Oh yes, I'd say that's the issue for sure then. I wish I had a precise answer about the "curing" time -but I don't. I will take a guess and say it's at least 2-3 hours and possibly as much as 24. This is a purely uneducated guess on my part based on a few small things I know about how aluminum is tempered.  It just so happens that when I encounter these situations, I tend to do the work over several days and rarely ever does a part go from weld into a machine on the same day.


If I weren't in the office right now, I'd look it up. Perhaps you can do some research too...


Ray




churchjw said:


> I think that is the problem. I water cooled the parts then put them on the lathe. Less than a minute between welding and machining. So for future reference let that parts air cool then machine. How long is a good idea to wait?
> 
> Jeff


----------



## Grumpy Gator (Jul 17, 2013)

I didn't see any mention of cutting lube when you made your cut. Al can be real sticky to machine.
I have used WD-40 or wax and gotten good results.
Also start with a lite cut till you get past all the hills and valleys. Al does not like an interupted {Hit and Miss} cut as it will want grab and tear.
I water cool DOM tube all the time. If I weld cast I just set it in front of a fan till I can pick it up barehanded.
Hope this helps.
***********Just Saying*******************G**********uch:


----------



## sniggler (Jul 17, 2013)

How did the weld look? Also 6061 retain only about 20% of its original strength in weld zone the heat effected zone with be soft and won't be very forgiving when machined. 5053 as a filler metal is a little harder. If the weld went in well the part should still polish up ok with some possible color variation at the weld. As for post weld pre-machining heat treatment the info is out there.

The post weld strength needs to be considered against the final application.  


Bob


----------



## Ray C (Jul 17, 2013)

FWIW...  I do a fair amount of TIG aluminum welding of "structural" pieces and not as much for pieces that will be machined later on.  Most of it is 6061-T651.  Immediately after a joint weld both the weld and heat affected zone are very soft for about 15 minutes after the weld.  About an hour later, the weld becomes very hard and the surrounding area hardens-up just a bit.  After several days to a week, the surrounding area also hardens and returns to about its same condition prior to welding.  This is hardly scientific but, I've seen this dozens of times.

I also machine a good bit of non-welded aluminum.  Once you make a fresh cut, it looks beautiful but, is very fragile and will scratch just by handling it or rubbing with a soft cloth.  Within hours, the surface almost seems to get very slight wrinkle marks.  This is the beginning of the aluminum aging/oxidizing process.  After several days to weeks, it eventually gets a gray dull finish and returns to a much harder state.

There are several types of treatments for aluminum and it's specified by the last digits.  In the example above the T651 means Tempered and stretch relieved.  Although I don't do this to the things I make, tempering is done by heating to about 80% of it's melting temperature then slow cooled followed by heating to 50% the melting temperature, holding for 24 hours, followed by a quench.
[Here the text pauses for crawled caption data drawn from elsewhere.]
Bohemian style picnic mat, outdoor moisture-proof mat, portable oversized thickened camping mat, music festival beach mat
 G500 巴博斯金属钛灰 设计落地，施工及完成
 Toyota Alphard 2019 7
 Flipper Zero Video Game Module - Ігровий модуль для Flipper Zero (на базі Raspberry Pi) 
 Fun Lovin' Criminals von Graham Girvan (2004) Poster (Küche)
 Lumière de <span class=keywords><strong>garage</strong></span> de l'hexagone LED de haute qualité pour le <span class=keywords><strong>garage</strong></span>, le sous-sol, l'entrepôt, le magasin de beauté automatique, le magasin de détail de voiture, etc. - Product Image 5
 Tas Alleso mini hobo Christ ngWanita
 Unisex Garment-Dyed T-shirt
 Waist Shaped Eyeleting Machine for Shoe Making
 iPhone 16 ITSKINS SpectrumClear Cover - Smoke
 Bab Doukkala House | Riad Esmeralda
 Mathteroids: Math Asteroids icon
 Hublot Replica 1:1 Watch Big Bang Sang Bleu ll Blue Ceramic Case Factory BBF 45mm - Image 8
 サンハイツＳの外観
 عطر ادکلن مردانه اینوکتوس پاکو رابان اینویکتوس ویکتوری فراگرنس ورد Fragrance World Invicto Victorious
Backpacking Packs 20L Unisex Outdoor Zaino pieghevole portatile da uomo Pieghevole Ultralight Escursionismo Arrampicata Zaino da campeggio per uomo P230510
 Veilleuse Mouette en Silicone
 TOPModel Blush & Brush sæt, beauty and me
The point is, if you need to weld and machine a piece, there's a few heat treating/tempering steps that should be done.  On the stuff I've welded and machined, it was mostly "cosmetic" parts and I've had good luck with welding, waiting for it to cool completely then machining.  Purely by chance, it's usually a day or so after welding that I get around to machining.

In the matter of steel, I regularly do welding and machining and this is one of the reasons I setup a heat treating oven as, there are techniques and procedures to follow -beyond the scope of this thread.  So far though, I've have very good success working on welded steel ranging from low carbon to high carbon as well as 4140 and 4145.

EDIT:  Most stainless steels are not finicky about welding and machining.  Weld it, let it cool completely (w/o a quench) and machine it.  I do this fairly regularly on 316.  


Ray


----------



## Tom Griffin (Jul 17, 2013)

The heat from welding annealed the 6061 so it will never machine like it did before welding. You can use different alloys of filler to help with anodizing, but the only way to improve machinability would be to re-heat treat the part after welding. Grumpygator's  suggestion of using WD-40 is a good one. I've repaired a lot of motorcycle heads and that's what I used to improve the machinability of the welds in cast aluminum. It seriously does machine about as good as chewing gum, but the WD-40 at least makes it doable.

Tom


----------



## TOOLMASTER (Jul 17, 2013)

yeah that happens..
been there done that


----------



## churchjw (Jul 18, 2013)

Thanks guys this was just what I was looking for.  I did some reading last night and found lots on hardening Al. Looks like in basic that you have to heat the part to a set temperature and hold it there for a long time, 8 hours plus.   From the reading it looks like it lost about 80% of its hardness when I welded it in the heat zone.  The part polished up fine so its just a matter of it not breaking. The wall at that point is double thick anyway because I was afraid of burning through.  This is going to be used to hit people (sparing not in anger) so it needs to take some force. The original handle has a wall thickness of around .050" and the new extensions I made are around .125" wall thickness and double that at the weld.  So would you guess I am worried about nothing?


So my question now is how do you guys handle heat treatment in a hobby shop or do you?  This part is 5 feet long so no way its going in an oven. For smaller parts I could get a toaster oven or something like that, but the electricity usage for 8 or more hours not to mention the fire risk has me a little worried.  Do most hobbyist skip this step and just over build the original part or use Ray's method and wait for the part to harden on its own? Ray's method looks to be the only one I could do in my shop.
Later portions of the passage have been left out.